In the process, the number of rows in the table, should get multiplied by the number of favourite_something categories (in this case 3x), and the common values like name and age should just get duplicated.
At a high level, my dataset contains 3 observations per row for each person: favourite color, food and city.
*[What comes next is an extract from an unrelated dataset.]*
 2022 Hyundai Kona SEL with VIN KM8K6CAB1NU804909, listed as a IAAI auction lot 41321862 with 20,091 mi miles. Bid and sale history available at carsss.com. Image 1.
I want to reshape the dataframe so that there is only a single observation in any given row.
Please tell me what is this operation called in data processing and the easiest way to do it in python and pandas.
Upvotes: 2
Views: 116
Reputation: 28644
Since there is some commonality in the columns u wish to reshape('favourite'), pandas' wide to long can be deployed here : Simply state the various arguments, and pass it into the function:
pd.wide_to_long(df,
stubnames ='favourite',
i=['name','age'],
j='favourite category',
suffix = r'(color|food|city)',
sep='_').rename(columns={'favourite':'value of favourite category'}).reset_index()
name age favourite category value of favourite category
0 john 25 color yellow
1 john 25 food apple
2 john 25 city munich
3 james 24 color red
4 james 24 food onion
5 james 24 city melbourne
Upvotes: 0
Reputation: 38415
This is essentially a reshaping problem that you can solve using DataFrame.melt
. Your dataframe has multiple value variables,
new_df = df.melt(id_vars= ['name', 'age'], value_vars=['favourite_color', 'favourite_food', 'favourite_city'], \
var_name='favourite category', value_name='value of favourite category')
new_df['favourite category'] = new_df['favourite category'].replace({'favourite_':''}, regex = True)
name age favourite category value of favourite category
0 john 25 color yellow
1 james 24 color red
2 john 25 food apple
3 james 24 food onion
4 john 25 city munich
5 james 24 city melbourne
Upvotes: 2